* [YOUR TASK]:
Every line from the one with "Bride and groom share" to the one with "Young boy playing", including those two, is to be copied exactly; all other lines of the entries below are left out.

====== LISTED RECORDS

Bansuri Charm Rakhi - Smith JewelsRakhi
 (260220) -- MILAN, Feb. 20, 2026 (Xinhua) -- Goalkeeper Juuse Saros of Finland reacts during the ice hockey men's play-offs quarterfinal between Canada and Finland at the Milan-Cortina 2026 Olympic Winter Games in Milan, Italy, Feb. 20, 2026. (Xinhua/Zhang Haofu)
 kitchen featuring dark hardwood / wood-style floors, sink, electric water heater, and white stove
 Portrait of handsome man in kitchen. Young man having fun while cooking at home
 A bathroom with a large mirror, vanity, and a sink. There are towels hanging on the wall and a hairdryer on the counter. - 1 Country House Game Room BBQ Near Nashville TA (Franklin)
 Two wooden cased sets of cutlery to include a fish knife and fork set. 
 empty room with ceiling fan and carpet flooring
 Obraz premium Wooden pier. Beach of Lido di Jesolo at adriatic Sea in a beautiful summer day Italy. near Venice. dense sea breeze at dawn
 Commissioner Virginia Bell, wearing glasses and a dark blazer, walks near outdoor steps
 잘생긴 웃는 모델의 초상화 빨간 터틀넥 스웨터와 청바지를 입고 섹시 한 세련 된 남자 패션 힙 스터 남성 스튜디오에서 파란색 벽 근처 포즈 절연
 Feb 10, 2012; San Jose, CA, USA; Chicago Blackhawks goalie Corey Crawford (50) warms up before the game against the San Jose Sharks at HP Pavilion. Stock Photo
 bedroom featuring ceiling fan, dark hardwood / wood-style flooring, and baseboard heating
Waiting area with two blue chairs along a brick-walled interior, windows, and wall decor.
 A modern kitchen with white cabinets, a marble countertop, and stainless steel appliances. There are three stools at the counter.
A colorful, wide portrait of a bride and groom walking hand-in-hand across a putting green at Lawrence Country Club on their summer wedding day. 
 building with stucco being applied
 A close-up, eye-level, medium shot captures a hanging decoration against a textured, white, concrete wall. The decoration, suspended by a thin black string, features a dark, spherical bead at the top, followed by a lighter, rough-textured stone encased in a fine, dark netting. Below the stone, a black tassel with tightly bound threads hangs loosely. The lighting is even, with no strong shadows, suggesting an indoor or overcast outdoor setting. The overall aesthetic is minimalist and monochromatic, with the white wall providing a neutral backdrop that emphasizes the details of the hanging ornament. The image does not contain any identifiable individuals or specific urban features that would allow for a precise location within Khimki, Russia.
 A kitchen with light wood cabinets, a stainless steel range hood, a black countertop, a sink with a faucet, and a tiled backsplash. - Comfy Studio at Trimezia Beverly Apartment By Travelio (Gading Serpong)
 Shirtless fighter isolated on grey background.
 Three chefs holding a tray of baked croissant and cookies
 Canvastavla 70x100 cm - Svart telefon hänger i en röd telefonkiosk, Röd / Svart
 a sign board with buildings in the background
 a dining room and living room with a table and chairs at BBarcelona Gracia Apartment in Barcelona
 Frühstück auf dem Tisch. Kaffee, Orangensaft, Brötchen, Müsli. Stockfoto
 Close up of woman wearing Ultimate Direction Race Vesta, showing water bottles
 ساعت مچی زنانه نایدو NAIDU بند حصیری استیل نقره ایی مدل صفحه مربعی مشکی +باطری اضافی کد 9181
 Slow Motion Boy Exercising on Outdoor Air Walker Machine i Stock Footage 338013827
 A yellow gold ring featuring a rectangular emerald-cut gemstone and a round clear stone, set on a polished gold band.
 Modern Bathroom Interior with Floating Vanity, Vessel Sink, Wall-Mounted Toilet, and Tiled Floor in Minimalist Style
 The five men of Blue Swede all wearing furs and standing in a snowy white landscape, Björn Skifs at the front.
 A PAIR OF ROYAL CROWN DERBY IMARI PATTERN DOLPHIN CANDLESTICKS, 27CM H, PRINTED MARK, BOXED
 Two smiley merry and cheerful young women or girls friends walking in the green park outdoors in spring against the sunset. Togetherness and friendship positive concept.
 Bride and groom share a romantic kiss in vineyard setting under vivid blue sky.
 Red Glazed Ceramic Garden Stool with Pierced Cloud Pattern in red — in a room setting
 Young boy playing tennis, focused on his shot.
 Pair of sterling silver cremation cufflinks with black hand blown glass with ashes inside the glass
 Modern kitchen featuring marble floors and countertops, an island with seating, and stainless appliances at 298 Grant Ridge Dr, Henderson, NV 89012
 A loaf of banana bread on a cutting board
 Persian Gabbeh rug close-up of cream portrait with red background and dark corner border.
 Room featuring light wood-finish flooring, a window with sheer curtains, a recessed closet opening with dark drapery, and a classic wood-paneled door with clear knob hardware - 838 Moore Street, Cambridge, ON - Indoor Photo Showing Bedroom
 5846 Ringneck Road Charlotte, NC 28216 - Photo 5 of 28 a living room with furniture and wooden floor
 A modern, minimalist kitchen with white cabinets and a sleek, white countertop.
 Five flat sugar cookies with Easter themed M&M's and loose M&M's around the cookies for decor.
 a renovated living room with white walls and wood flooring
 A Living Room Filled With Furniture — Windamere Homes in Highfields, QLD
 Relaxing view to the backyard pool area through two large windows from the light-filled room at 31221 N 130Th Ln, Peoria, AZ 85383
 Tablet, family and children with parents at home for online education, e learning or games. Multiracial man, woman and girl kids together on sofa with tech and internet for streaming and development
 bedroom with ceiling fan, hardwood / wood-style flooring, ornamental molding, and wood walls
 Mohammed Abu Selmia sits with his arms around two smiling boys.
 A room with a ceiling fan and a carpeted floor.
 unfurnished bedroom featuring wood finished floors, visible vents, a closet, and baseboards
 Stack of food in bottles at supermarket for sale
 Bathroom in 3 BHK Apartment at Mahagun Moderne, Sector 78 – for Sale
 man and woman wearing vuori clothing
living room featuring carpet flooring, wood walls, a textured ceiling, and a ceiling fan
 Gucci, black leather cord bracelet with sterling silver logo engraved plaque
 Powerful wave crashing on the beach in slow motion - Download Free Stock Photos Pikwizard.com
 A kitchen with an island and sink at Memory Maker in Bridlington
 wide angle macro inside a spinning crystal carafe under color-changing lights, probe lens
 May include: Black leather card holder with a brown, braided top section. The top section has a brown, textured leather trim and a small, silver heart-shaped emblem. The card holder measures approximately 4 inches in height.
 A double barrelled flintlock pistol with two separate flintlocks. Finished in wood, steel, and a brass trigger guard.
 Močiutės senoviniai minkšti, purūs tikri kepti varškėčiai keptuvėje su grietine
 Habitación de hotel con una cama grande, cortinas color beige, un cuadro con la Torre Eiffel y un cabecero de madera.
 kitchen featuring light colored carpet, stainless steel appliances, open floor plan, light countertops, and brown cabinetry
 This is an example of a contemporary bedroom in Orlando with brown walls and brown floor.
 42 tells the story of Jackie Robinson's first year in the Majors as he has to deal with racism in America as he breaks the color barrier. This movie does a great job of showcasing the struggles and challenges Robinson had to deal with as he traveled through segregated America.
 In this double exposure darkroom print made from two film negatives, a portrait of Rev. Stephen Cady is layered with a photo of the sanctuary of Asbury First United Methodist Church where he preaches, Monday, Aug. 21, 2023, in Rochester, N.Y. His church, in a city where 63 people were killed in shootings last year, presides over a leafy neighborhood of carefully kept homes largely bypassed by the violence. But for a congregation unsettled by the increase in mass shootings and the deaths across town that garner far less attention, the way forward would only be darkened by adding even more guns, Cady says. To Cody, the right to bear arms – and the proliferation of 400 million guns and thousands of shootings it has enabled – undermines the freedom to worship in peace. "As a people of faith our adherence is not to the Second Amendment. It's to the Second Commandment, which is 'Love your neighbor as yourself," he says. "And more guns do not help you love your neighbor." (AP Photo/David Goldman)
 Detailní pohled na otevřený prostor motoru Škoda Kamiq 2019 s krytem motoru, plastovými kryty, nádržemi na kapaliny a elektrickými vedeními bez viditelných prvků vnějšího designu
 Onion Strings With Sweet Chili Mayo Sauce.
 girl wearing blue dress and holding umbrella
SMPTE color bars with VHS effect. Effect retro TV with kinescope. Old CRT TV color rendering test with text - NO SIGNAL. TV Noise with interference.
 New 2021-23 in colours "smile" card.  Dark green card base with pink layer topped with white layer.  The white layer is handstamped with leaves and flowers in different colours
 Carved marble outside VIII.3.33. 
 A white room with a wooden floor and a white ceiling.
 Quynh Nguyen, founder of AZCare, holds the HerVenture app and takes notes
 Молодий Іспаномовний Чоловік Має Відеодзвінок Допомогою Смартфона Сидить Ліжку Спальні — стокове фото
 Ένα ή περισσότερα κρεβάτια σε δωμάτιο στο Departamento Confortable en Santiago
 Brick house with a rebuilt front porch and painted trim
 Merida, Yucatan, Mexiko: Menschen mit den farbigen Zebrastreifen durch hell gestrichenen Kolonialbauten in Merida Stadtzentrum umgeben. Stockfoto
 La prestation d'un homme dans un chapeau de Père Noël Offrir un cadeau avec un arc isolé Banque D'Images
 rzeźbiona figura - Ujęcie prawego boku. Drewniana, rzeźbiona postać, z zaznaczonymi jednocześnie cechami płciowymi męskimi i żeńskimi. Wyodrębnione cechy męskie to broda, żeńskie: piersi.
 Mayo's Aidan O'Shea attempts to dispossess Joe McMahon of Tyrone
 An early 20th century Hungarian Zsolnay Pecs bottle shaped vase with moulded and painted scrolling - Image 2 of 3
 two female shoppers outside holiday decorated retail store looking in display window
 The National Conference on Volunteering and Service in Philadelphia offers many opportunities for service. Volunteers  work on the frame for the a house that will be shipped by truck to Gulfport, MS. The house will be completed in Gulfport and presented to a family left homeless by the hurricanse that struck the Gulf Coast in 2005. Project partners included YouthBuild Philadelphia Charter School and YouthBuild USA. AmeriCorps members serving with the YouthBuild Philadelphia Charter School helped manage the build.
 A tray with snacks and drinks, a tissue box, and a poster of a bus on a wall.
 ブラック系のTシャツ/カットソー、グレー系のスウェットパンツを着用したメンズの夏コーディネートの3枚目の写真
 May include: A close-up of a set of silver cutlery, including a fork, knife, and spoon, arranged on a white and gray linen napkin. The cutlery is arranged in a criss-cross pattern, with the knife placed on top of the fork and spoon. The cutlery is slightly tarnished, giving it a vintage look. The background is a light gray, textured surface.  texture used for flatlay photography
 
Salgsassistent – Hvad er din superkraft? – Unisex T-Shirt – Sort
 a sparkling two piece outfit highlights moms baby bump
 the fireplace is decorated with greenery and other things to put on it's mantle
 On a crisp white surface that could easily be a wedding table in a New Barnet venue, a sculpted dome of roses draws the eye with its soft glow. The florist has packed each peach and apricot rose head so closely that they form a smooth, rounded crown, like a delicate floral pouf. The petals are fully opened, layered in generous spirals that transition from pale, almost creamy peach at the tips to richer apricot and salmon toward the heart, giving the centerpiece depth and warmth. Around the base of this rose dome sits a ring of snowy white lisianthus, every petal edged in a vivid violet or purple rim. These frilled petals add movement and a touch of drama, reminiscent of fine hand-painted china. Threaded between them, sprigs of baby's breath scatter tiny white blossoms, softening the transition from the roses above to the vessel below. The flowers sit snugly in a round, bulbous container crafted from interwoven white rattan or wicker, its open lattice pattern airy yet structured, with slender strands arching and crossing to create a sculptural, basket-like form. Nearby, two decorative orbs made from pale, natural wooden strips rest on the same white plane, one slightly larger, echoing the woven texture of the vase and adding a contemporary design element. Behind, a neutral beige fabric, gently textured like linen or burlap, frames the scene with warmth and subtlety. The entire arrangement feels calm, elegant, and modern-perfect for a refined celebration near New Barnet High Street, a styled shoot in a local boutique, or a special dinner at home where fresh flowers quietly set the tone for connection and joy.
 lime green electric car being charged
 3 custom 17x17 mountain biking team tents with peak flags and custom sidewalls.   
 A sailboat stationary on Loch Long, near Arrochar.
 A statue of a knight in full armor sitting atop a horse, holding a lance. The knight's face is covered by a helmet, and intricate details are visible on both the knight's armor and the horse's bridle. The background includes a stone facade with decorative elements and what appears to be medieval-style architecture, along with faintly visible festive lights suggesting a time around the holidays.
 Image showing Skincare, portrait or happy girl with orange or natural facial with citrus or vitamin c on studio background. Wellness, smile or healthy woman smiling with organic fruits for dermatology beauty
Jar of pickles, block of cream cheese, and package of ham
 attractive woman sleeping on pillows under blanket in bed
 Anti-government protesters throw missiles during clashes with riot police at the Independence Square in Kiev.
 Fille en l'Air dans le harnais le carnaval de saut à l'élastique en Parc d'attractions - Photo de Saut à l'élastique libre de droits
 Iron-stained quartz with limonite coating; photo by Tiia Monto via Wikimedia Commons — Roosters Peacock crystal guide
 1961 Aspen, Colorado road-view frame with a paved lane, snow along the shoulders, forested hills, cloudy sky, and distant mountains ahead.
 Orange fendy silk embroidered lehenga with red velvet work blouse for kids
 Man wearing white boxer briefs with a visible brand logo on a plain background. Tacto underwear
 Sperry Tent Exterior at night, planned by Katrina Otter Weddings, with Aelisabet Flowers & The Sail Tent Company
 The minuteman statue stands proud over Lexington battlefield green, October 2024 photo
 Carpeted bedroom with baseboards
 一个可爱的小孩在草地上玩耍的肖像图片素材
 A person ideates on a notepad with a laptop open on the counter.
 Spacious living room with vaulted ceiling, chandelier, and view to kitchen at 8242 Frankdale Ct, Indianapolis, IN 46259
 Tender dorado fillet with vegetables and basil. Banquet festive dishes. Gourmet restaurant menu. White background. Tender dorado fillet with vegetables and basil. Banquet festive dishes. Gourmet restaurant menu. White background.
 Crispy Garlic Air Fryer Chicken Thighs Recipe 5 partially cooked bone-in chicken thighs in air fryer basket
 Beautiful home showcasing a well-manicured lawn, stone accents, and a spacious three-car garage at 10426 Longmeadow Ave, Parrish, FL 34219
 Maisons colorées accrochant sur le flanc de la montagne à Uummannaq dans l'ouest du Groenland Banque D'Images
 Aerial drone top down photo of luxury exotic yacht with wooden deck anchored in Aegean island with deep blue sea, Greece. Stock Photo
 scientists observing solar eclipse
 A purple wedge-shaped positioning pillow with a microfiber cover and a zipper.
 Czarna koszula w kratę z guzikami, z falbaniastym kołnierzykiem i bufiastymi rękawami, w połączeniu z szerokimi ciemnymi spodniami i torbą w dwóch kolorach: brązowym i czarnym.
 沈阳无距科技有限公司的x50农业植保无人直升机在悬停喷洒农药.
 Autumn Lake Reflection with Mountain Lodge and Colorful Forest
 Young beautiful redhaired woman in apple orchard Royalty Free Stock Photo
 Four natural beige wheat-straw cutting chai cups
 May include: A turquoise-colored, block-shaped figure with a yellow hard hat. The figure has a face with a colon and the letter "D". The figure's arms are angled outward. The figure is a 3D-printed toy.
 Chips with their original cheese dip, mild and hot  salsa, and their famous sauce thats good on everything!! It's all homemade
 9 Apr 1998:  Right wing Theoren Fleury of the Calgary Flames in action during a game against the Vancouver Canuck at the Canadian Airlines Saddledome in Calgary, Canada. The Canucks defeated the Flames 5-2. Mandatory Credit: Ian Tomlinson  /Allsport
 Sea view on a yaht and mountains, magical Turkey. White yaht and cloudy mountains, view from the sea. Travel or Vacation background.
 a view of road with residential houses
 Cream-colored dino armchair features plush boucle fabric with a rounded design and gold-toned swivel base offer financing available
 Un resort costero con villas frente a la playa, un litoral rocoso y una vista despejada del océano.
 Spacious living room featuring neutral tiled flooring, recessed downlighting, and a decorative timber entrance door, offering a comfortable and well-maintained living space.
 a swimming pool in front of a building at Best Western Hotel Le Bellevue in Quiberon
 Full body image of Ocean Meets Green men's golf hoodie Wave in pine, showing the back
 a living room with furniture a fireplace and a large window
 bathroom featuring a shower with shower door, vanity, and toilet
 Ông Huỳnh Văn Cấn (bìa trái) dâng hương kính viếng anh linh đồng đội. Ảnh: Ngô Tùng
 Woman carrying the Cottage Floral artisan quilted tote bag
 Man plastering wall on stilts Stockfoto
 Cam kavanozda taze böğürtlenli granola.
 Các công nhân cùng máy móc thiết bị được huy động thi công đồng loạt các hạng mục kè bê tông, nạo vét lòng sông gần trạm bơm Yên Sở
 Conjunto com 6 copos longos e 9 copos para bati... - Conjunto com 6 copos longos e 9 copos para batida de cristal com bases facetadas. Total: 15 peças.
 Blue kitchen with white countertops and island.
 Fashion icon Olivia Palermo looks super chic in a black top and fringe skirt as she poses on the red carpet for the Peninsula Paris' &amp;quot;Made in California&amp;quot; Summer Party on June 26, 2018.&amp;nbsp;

============

* [ANSWER TO THIS TASK]:
 Bride and groom share a romantic kiss in vineyard setting under vivid blue sky.
 Red Glazed Ceramic Garden Stool with Pierced Cloud Pattern in red — in a room setting
 Young boy playing tennis, focused on his shot.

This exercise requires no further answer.